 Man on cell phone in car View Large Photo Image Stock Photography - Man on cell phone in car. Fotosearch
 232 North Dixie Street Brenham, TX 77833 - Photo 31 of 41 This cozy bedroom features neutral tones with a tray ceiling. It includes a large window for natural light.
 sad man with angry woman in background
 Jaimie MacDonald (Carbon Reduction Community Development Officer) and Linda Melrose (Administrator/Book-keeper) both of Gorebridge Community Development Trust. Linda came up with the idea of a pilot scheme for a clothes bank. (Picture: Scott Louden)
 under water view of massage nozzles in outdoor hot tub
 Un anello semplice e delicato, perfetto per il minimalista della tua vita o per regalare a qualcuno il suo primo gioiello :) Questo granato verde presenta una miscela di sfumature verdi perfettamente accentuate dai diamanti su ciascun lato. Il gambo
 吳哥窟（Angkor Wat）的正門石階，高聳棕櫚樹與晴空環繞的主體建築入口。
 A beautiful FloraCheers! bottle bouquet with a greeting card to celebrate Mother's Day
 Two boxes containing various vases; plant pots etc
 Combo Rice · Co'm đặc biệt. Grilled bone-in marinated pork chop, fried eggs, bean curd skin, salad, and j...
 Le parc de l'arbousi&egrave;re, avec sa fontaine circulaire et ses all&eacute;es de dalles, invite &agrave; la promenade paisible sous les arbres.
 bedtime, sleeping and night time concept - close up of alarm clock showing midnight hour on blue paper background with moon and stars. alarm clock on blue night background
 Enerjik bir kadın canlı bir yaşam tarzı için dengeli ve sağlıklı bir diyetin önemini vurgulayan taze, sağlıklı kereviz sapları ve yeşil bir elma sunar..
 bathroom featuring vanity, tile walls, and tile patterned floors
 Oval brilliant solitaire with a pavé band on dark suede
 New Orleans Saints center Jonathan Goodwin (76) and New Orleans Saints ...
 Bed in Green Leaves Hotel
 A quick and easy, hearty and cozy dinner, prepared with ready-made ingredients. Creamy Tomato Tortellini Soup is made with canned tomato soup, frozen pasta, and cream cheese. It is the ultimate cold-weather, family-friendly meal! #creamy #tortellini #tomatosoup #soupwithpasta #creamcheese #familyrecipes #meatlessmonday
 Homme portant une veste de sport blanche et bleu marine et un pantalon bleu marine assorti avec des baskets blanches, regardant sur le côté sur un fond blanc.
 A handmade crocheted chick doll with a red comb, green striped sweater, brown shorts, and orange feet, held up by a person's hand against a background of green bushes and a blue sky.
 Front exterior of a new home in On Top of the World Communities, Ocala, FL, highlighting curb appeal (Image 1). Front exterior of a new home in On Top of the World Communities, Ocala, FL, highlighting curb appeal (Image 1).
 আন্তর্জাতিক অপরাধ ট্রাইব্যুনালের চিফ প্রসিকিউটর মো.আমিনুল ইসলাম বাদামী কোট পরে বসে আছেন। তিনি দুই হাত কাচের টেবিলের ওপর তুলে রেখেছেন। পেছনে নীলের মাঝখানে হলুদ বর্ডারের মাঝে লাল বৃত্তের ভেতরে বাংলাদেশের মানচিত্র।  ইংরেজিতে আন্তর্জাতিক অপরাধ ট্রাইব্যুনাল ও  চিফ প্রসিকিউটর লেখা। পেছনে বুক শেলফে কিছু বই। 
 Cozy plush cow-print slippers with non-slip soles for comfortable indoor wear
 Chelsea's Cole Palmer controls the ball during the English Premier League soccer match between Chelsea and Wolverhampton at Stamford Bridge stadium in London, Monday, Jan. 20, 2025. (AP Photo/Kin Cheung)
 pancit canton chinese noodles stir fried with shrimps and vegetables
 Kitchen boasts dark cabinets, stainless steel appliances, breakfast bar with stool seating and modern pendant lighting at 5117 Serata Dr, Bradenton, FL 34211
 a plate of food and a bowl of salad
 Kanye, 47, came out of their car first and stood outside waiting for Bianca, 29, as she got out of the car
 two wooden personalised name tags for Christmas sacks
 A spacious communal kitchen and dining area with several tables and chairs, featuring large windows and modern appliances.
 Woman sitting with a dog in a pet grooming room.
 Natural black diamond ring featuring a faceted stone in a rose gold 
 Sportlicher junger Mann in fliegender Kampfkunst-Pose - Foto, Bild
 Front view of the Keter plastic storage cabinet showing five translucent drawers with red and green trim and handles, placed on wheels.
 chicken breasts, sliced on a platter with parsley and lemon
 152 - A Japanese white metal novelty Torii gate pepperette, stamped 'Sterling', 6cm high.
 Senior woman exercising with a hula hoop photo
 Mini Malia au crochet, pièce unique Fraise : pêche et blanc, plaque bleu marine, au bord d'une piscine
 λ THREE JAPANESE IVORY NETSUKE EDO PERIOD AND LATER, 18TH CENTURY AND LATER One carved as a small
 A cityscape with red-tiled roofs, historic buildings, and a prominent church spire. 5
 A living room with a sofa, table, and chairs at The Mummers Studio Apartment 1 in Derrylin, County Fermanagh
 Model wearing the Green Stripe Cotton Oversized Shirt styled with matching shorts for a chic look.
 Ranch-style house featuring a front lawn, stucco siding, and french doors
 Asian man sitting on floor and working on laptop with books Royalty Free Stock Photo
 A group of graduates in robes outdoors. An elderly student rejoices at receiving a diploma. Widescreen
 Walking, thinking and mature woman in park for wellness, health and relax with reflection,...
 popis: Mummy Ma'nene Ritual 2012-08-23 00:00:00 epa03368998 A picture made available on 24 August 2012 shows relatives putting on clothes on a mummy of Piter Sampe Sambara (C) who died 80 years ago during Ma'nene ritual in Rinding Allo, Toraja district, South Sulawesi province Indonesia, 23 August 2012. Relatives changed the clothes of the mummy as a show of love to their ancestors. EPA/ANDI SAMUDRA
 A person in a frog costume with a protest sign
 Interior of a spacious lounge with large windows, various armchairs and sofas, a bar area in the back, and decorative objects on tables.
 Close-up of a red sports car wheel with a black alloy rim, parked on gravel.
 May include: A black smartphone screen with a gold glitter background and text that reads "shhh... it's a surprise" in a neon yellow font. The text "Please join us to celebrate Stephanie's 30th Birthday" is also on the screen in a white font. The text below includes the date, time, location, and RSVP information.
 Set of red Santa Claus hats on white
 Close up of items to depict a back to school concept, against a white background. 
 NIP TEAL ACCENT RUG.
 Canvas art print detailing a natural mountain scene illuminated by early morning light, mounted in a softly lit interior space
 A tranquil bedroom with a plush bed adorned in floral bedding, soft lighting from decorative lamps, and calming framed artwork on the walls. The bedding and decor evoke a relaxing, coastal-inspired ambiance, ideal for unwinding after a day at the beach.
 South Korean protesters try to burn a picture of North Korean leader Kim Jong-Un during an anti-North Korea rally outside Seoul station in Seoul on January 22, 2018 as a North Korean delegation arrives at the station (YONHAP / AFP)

================

Task statement:
Line by line, give the material above again exactly.

Written reply:
 Man on cell phone in car View Large Photo Image Stock Photography - Man on cell phone in car. Fotosearch
 232 North Dixie Street Brenham, TX 77833 - Photo 31 of 41 This cozy bedroom features neutral tones with a tray ceiling. It includes a large window for natural light.
 sad man with angry woman in background
 Jaimie MacDonald (Carbon Reduction Community Development Officer) and Linda Melrose (Administrator/Book-keeper) both of Gorebridge Community Development Trust. Linda came up with the idea of a pilot scheme for a clothes bank. (Picture: Scott Louden)
 under water view of massage nozzles in outdoor hot tub
 Un anello semplice e delicato, perfetto per il minimalista della tua vita o per regalare a qualcuno il suo primo gioiello :) Questo granato verde presenta una miscela di sfumature verdi perfettamente accentuate dai diamanti su ciascun lato. Il gambo
 吳哥窟（Angkor Wat）的正門石階，高聳棕櫚樹與晴空環繞的主體建築入口。
 A beautiful FloraCheers! bottle bouquet with a greeting card to celebrate Mother's Day
 Two boxes containing various vases; plant pots etc
 Combo Rice · Co'm đặc biệt. Grilled bone-in marinated pork chop, fried eggs, bean curd skin, salad, and j...
 Le parc de l'arbousi&egrave;re, avec sa fontaine circulaire et ses all&eacute;es de dalles, invite &agrave; la promenade paisible sous les arbres.
 bedtime, sleeping and night time concept - close up of alarm clock showing midnight hour on blue paper background with moon and stars. alarm clock on blue night background
 Enerjik bir kadın canlı bir yaşam tarzı için dengeli ve sağlıklı bir diyetin önemini vurgulayan taze, sağlıklı kereviz sapları ve yeşil bir elma sunar..
 bathroom featuring vanity, tile walls, and tile patterned floors
 Oval brilliant solitaire with a pavé band on dark suede
 New Orleans Saints center Jonathan Goodwin (76) and New Orleans Saints ...
 Bed in Green Leaves Hotel
 A quick and easy, hearty and cozy dinner, prepared with ready-made ingredients. Creamy Tomato Tortellini Soup is made with canned tomato soup, frozen pasta, and cream cheese. It is the ultimate cold-weather, family-friendly meal! #creamy #tortellini #tomatosoup #soupwithpasta #creamcheese #familyrecipes #meatlessmonday
 Homme portant une veste de sport blanche et bleu marine et un pantalon bleu marine assorti avec des baskets blanches, regardant sur le côté sur un fond blanc.
 A handmade crocheted chick doll with a red comb, green striped sweater, brown shorts, and orange feet, held up by a person's hand against a background of green bushes and a blue sky.
 Front exterior of a new home in On Top of the World Communities, Ocala, FL, highlighting curb appeal (Image 1). Front exterior of a new home in On Top of the World Communities, Ocala, FL, highlighting curb appeal (Image 1).
 আন্তর্জাতিক অপরাধ ট্রাইব্যুনালের চিফ প্রসিকিউটর মো.আমিনুল ইসলাম বাদামী কোট পরে বসে আছেন। তিনি দুই হাত কাচের টেবিলের ওপর তুলে রেখেছেন। পেছনে নীলের মাঝখানে হলুদ বর্ডারের মাঝে লাল বৃত্তের ভেতরে বাংলাদেশের মানচিত্র।  ইংরেজিতে আন্তর্জাতিক অপরাধ ট্রাইব্যুনাল ও  চিফ প্রসিকিউটর লেখা। পেছনে বুক শেলফে কিছু বই। 
 Cozy plush cow-print slippers with non-slip soles for comfortable indoor wear
 Chelsea's Cole Palmer controls the ball during the English Premier League soccer match between Chelsea and Wolverhampton at Stamford Bridge stadium in London, Monday, Jan. 20, 2025. (AP Photo/Kin Cheung)
 pancit canton chinese noodles stir fried with shrimps and vegetables
 Kitchen boasts dark cabinets, stainless steel appliances, breakfast bar with stool seating and modern pendant lighting at 5117 Serata Dr, Bradenton, FL 34211
 a plate of food and a bowl of salad
 Kanye, 47, came out of their car first and stood outside waiting for Bianca, 29, as she got out of the car
 two wooden personalised name tags for Christmas sacks
 A spacious communal kitchen and dining area with several tables and chairs, featuring large windows and modern appliances.
 Woman sitting with a dog in a pet grooming room.
 Natural black diamond ring featuring a faceted stone in a rose gold 
 Sportlicher junger Mann in fliegender Kampfkunst-Pose - Foto, Bild
 Front view of the Keter plastic storage cabinet showing five translucent drawers with red and green trim and handles, placed on wheels.
 chicken breasts, sliced on a platter with parsley and lemon
 152 - A Japanese white metal novelty Torii gate pepperette, stamped 'Sterling', 6cm high.
 Senior woman exercising with a hula hoop photo
 Mini Malia au crochet, pièce unique Fraise : pêche et blanc, plaque bleu marine, au bord d'une piscine
 λ THREE JAPANESE IVORY NETSUKE EDO PERIOD AND LATER, 18TH CENTURY AND LATER One carved as a small
 A cityscape with red-tiled roofs, historic buildings, and a prominent church spire. 5
 A living room with a sofa, table, and chairs at The Mummers Studio Apartment 1 in Derrylin, County Fermanagh
 Model wearing the Green Stripe Cotton Oversized Shirt styled with matching shorts for a chic look.
 Ranch-style house featuring a front lawn, stucco siding, and french doors
 Asian man sitting on floor and working on laptop with books Royalty Free Stock Photo
 A group of graduates in robes outdoors. An elderly student rejoices at receiving a diploma. Widescreen
 Walking, thinking and mature woman in park for wellness, health and relax with reflection,...
 popis: Mummy Ma'nene Ritual 2012-08-23 00:00:00 epa03368998 A picture made available on 24 August 2012 shows relatives putting on clothes on a mummy of Piter Sampe Sambara (C) who died 80 years ago during Ma'nene ritual in Rinding Allo, Toraja district, South Sulawesi province Indonesia, 23 August 2012. Relatives changed the clothes of the mummy as a show of love to their ancestors. EPA/ANDI SAMUDRA
 A person in a frog costume with a protest sign
 Interior of a spacious lounge with large windows, various armchairs and sofas, a bar area in the back, and decorative objects on tables.
 Close-up of a red sports car wheel with a black alloy rim, parked on gravel.
 May include: A black smartphone screen with a gold glitter background and text that reads "shhh... it's a surprise" in a neon yellow font. The text "Please join us to celebrate Stephanie's 30th Birthday" is also on the screen in a white font. The text below includes the date, time, location, and RSVP information.
 Set of red Santa Claus hats on white
 Close up of items to depict a back to school concept, against a white background. 
 NIP TEAL ACCENT RUG.
 Canvas art print detailing a natural mountain scene illuminated by early morning light, mounted in a softly lit interior space
 A tranquil bedroom with a plush bed adorned in floral bedding, soft lighting from decorative lamps, and calming framed artwork on the walls. The bedding and decor evoke a relaxing, coastal-inspired ambiance, ideal for unwinding after a day at the beach.
 South Korean protesters try to burn a picture of North Korean leader Kim Jong-Un during an anti-North Korea rally outside Seoul station in Seoul on January 22, 2018 as a North Korean delegation arrives at the station (YONHAP / AFP)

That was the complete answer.